3. The woods, and the act of being in the woods, come up often throughout the book, especially for Milo. What do you think being in the woods does for Milo that a normal life in the city couldn’t?
4. In Part One, Milo goes back to the woods in Michigan when he finds out that the teenage Kopter found a proof that he couldn’t. In what ways is this retreat to the woods similar to his purchasing the cabin in Part Two and in what ways is it different?
5. “Mathematics is like carving a wooden doll, and then, one day, you watch as your wooden doll gives birth to another wooden doll. In fact, this is exactly how you will know whether your wooden doll is alive. If it yields another wooden doll.” Hans states that these words of his father have stayed with him all his life. What do you think these words mean about mathematics? What might they mean about family? Do you think Milo actually understands what he’s trying to say?
6. Think about Milo and Paulie’s relationship, especially compared with the relationship between Milo and Hans. Do you think Paulie truly loves her father? Do you think Milo loves her?
7. Discuss Cle Wells Biettermann. What is her true role in Milo’s life? Whom do you think he loves more, Cle or Helena?
8. Dr. Gandapur, the elderly Jesuit who takes care of Milo as he is dying, appears like a guardian angel in his life. What role do you think Dr. Gandapur plays for Milo?
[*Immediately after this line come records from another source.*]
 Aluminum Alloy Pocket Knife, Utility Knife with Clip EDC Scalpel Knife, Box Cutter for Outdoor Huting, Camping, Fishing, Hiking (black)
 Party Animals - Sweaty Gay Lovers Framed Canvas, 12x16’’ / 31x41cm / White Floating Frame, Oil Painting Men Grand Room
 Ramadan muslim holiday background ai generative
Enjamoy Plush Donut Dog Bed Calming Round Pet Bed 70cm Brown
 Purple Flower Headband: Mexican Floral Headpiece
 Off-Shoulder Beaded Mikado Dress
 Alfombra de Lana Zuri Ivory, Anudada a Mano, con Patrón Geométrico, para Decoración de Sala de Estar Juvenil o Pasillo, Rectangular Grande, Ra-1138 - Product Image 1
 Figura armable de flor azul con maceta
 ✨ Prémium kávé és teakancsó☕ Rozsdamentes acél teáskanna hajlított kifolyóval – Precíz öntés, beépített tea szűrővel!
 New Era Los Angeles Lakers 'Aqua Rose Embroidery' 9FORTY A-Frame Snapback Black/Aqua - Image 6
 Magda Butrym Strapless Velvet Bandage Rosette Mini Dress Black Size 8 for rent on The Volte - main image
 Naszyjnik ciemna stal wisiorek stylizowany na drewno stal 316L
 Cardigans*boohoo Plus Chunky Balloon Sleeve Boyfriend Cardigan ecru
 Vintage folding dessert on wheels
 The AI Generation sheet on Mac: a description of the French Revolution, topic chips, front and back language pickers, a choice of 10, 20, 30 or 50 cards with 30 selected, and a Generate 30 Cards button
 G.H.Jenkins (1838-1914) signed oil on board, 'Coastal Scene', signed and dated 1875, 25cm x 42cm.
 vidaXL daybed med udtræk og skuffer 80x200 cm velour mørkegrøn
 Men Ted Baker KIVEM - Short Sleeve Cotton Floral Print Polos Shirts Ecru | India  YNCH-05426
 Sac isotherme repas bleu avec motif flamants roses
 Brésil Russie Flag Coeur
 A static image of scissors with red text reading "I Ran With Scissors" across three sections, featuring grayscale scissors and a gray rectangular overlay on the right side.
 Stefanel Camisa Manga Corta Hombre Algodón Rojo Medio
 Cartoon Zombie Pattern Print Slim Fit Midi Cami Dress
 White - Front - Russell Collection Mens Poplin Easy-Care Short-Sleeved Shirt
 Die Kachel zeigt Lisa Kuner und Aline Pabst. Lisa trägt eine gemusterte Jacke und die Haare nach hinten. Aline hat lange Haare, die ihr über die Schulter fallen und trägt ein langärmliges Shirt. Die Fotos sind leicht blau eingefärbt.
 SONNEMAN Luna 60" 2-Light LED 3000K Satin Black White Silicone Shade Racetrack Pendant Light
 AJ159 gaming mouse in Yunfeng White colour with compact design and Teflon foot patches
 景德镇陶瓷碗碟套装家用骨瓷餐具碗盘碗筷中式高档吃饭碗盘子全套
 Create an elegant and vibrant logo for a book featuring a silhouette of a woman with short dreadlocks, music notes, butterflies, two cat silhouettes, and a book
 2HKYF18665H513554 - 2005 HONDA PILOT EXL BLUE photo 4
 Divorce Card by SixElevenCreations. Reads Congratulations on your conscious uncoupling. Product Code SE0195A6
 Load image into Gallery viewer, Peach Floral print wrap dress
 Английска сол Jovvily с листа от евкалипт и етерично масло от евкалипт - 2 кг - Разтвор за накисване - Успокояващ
What role does he play for the rest of the family?
9. “Women are the suns, you know. Men are just the moons.” What do you think Milo means by this? What do you think is Hans’s reaction to his father’s words?
10. How are Milo and Hans alike? How are they different? What does this mean for their families—their wives and children?
11. Think about the final chapter, “The Battle of Trafalgar.” How did you feel when you read this chapter? Did it change your opinion of Milo? Of the family’s relationships?
12. During “the Battle of Trafalgar,” Hans quotes from Admiral Lord Nelson: “ ‘To him I resign myself,’ I said, glancing to the heavens. ‘And the just cause which is entrusted to me.’ ” Do you think Hans is thinking about his father when he says those words? What might be the “just cause” to which Hans has entrusted himself? Do you think he has carried on this just cause?